Le suivi de mes salariés

Tout au long de sa carrière, le salarié bénéficie d’un suivi médical qui va être adapté en fonction des risques spécifiques liés à son poste ou de son état de santé individuel. Ce suivi, réalisé par un médecin du travail, un médecin collaborateur ou un(e) infirmier(ère) en santé au travail, est une étape clé pour garantir sa santé et sa sécurité, tout en répondant aux obligations légales de l’employeur.

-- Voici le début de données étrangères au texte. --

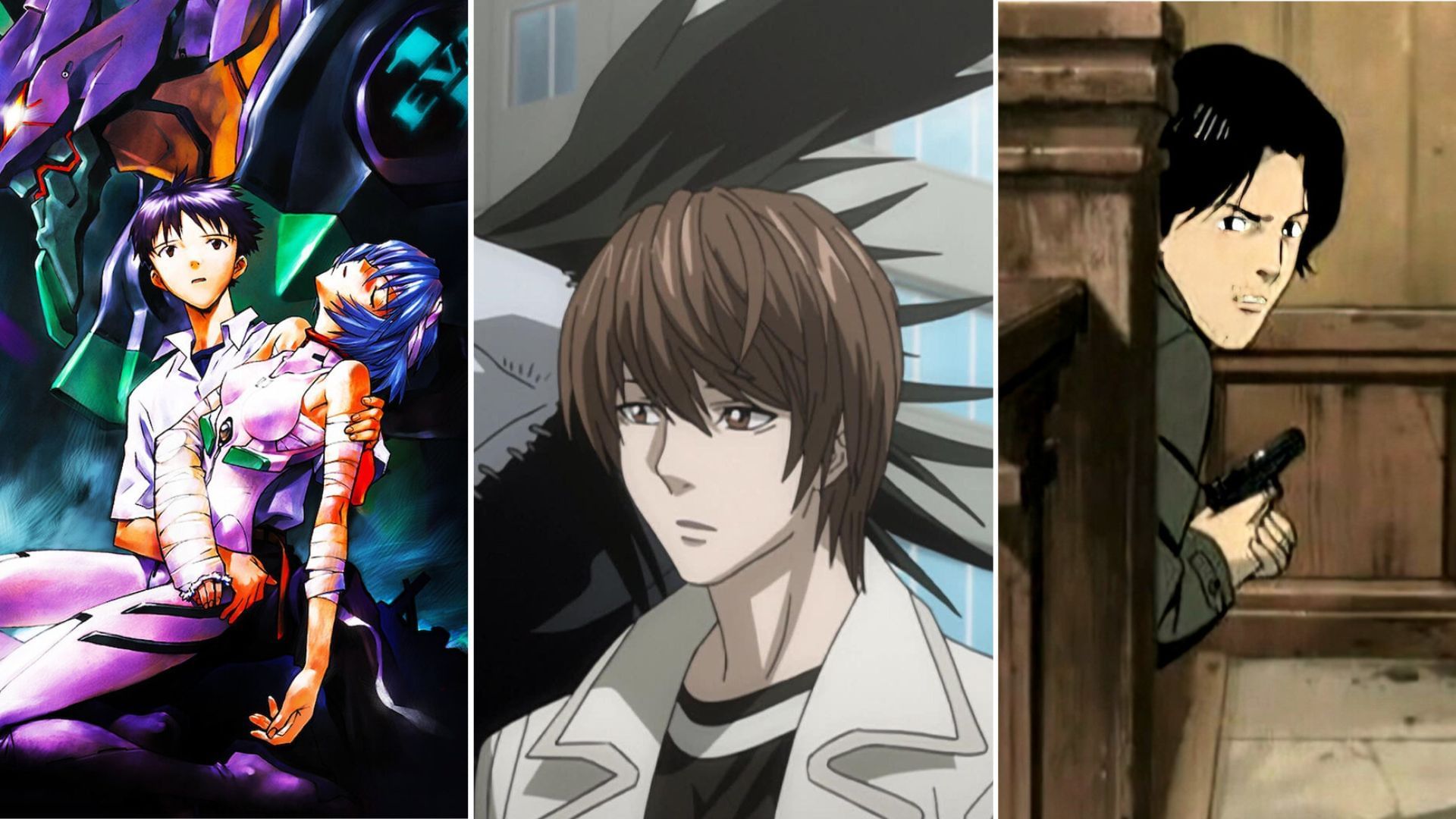  Neon Genesis Evangelion, Death Note, Monster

Avant tout, pour gérer le suivi de vos salariés en matière de prévention et de santé au travail et d’être accompagné par nos équipes, pensez à mettre à jour vos informations : liste de vos salariés, changement de coordonnées…

Pourquoi ?

  • Bénéficier d’une meilleure qualité de traitement de vos données ;
  • Permettre à nos équipes d’envoyer des convocations à des salariés effectivement présents dans votre entreprise, pour un meilleur suivi.

Quels sont les objectifs clés du suivi individuel en santé au travail ?


Prévenir les risques pour la santé du salarié
Le suivi médical permet de détecter précocement des problèmes de santé liés au travail (troubles musculo-squelettiques, maladies professionnelles, stress, etc.). Il permet également de surveiller les effets des expositions à des risques spécifiques (comme l'exposition aux produits chimiques ou au bruit), et d'identifier les premiers signes de pathologies pouvant être aggravées par l'activité professionnelle.

Évaluer l'aptitude au poste de travail
Le suivi médical permet de s'assurer que le poste de travail n’est pas susceptible de porter atteinte à la santé du salarié. Il permet également de vérifier qu’aucune affection présente ne met en danger la sécurité des autres collaborateurs ou le salarié lui-même.

Informer sur les risques professionnels et sensibiliser aux moyens de prévention
Le suivi individuel de santé est aussi l'occasion d'expliquer aux salariés les dangers auxquels ils peuvent être exposés dans le cadre de leurs activités professionnelle. Ainsi, des recommandations adaptées peuvent être communiquées pour aider les salariés à prévenir ces risques. Cela inclut des conseils sur les bonnes pratiques, l’utilisation des équipements de protection individuelle (EPI) et les comportements à adopter pour garantir leur sécurité et leur bien-être.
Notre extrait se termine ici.